## [Problem]
Skipping all pictures, set down the lines of the listing from the first through the one with "The next thing".

## [Records supplied]

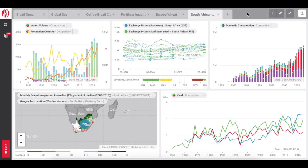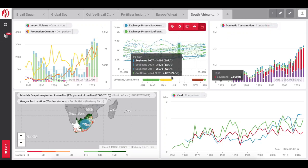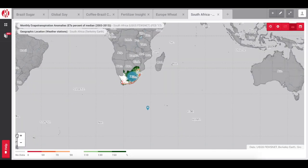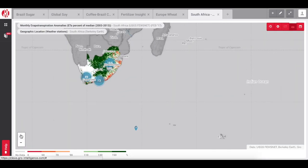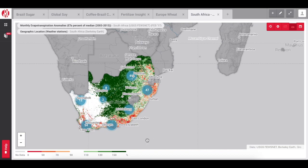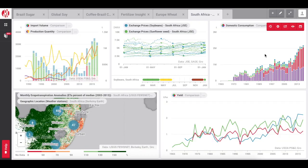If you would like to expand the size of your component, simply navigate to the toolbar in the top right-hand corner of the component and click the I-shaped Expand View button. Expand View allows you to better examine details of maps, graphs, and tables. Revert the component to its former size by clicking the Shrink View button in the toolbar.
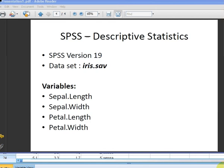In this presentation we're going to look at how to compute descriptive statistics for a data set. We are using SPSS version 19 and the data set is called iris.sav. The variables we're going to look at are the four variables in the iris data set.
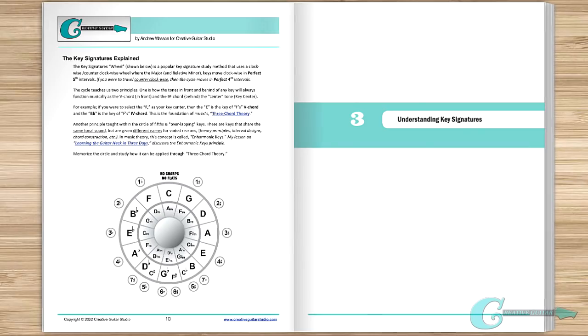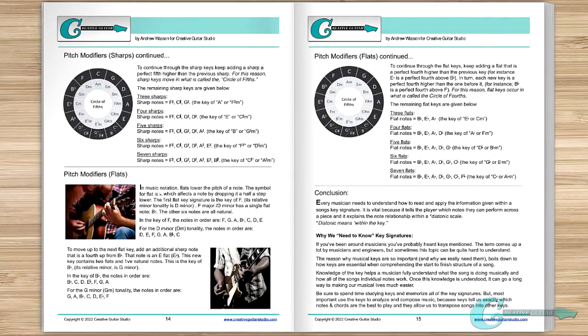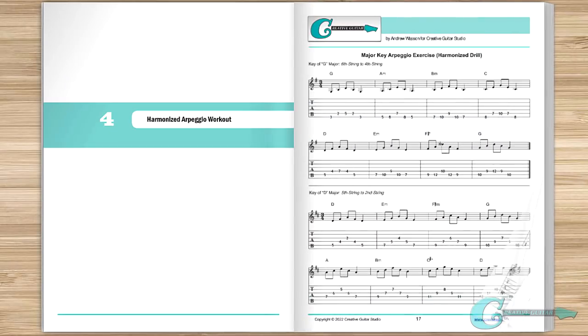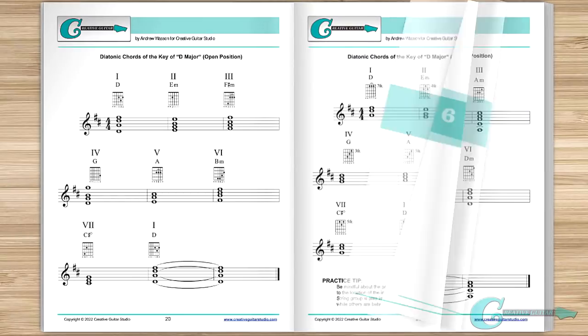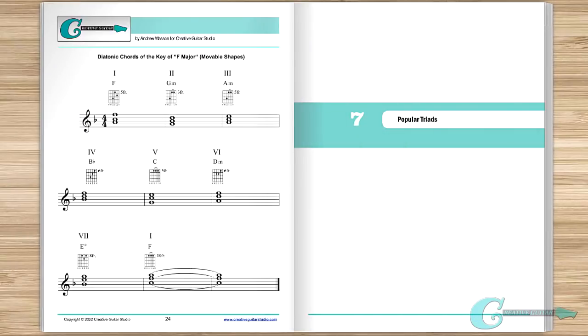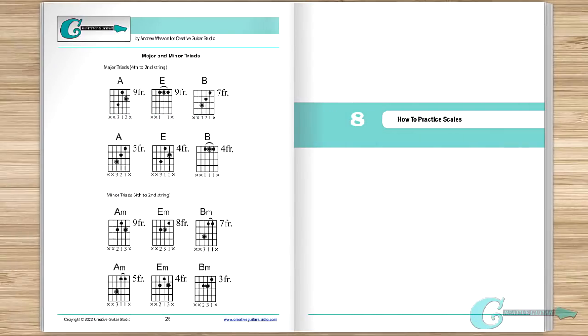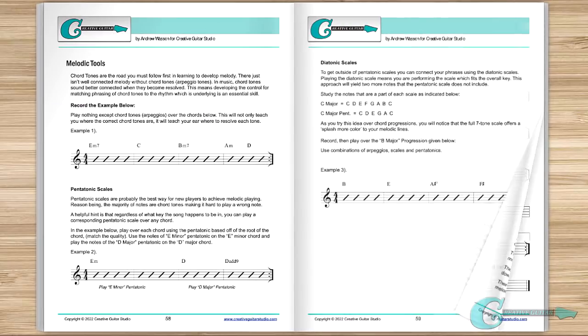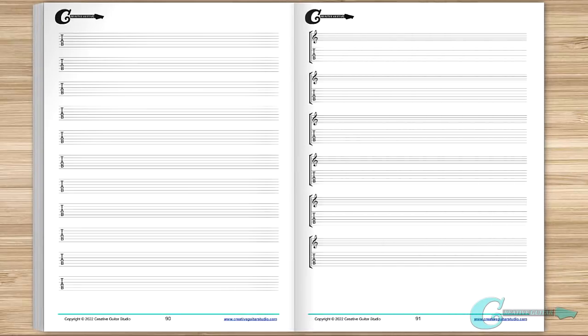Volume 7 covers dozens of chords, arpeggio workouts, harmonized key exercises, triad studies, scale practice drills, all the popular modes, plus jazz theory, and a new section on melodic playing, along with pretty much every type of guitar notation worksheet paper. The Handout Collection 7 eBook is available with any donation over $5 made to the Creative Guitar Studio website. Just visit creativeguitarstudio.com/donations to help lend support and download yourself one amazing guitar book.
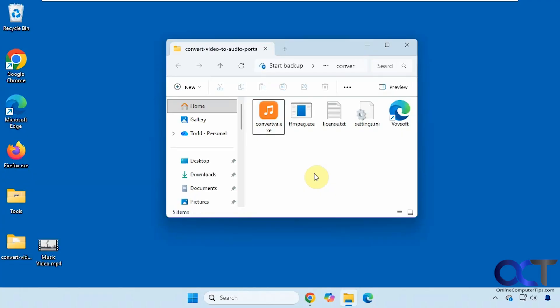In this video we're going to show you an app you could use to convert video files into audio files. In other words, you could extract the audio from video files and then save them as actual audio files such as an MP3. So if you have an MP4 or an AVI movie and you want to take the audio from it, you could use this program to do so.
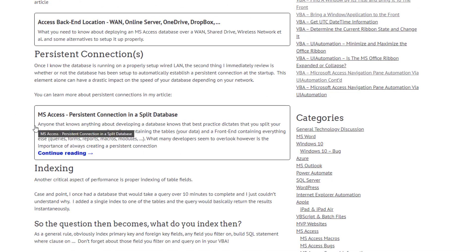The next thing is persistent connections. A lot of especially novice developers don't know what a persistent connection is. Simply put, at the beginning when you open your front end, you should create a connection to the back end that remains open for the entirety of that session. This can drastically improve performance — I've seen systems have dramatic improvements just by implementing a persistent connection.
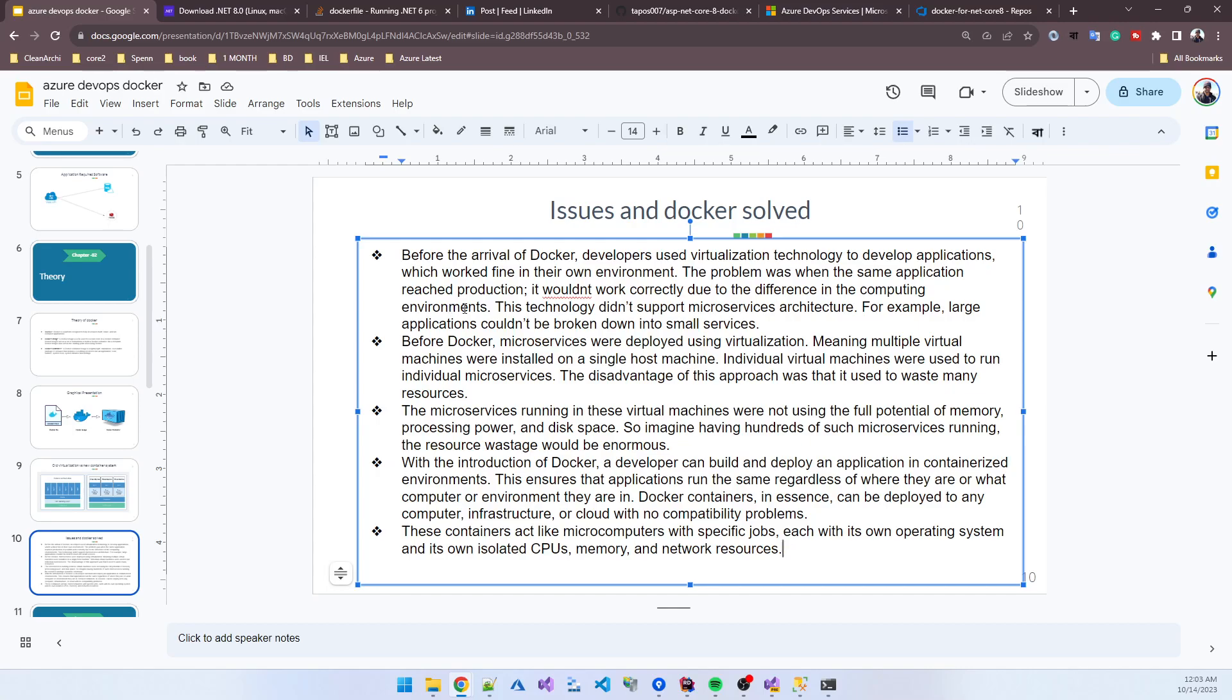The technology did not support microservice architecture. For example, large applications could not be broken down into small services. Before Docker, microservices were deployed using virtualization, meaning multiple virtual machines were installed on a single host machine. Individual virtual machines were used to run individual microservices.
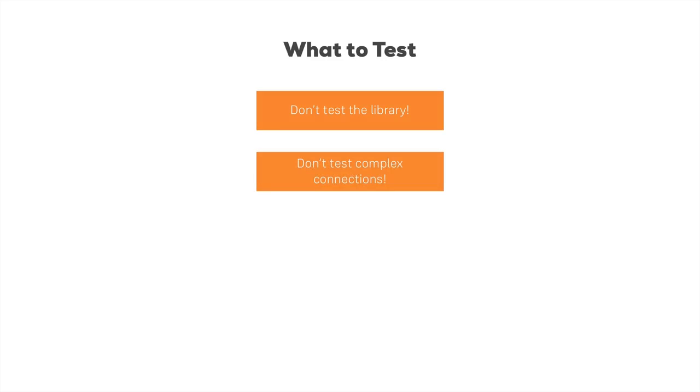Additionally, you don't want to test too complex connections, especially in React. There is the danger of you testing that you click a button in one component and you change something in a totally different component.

## [Final answer]
If you would like to expand the size of your component, simply navigate to the toolbar in the top right-hand corner of the component and click the I-shaped Expand View button. Expand View allows you to better examine details of maps, graphs, and tables. Revert the component to its former size by clicking the Shrink View button in the toolbar.
In this presentation we're going to look at how to compute descriptive statistics for a data set. We are using SPSS version 19 and the data set is called iris.sav. The variables we're going to look at are the four variables in the iris data set.
Volume 7 covers dozens of chords, arpeggio workouts, harmonized key exercises, triad studies, scale practice drills, all the popular modes, plus jazz theory, and a new section on melodic playing, along with pretty much every type of guitar notation worksheet paper. The Handout Collection 7 eBook is available with any donation over $5 made to the Creative Guitar Studio website. Just visit creativeguitarstudio.com/donations to help lend support and download yourself one amazing guitar book.
In this video we're going to show you an app you could use to convert video files into audio files. In other words, you could extract the audio from video files and then save them as actual audio files such as an MP3. So if you have an MP4 or an AVI movie and you want to take the audio from it, you could use this program to do so.
The next thing is persistent connections. A lot of especially novice developers don't know what a persistent connection is. Simply put, at the beginning when you open your front end, you should create a connection to the back end that remains open for the entirety of that session. This can drastically improve performance — I've seen systems have dramatic improvements just by implementing a persistent connection.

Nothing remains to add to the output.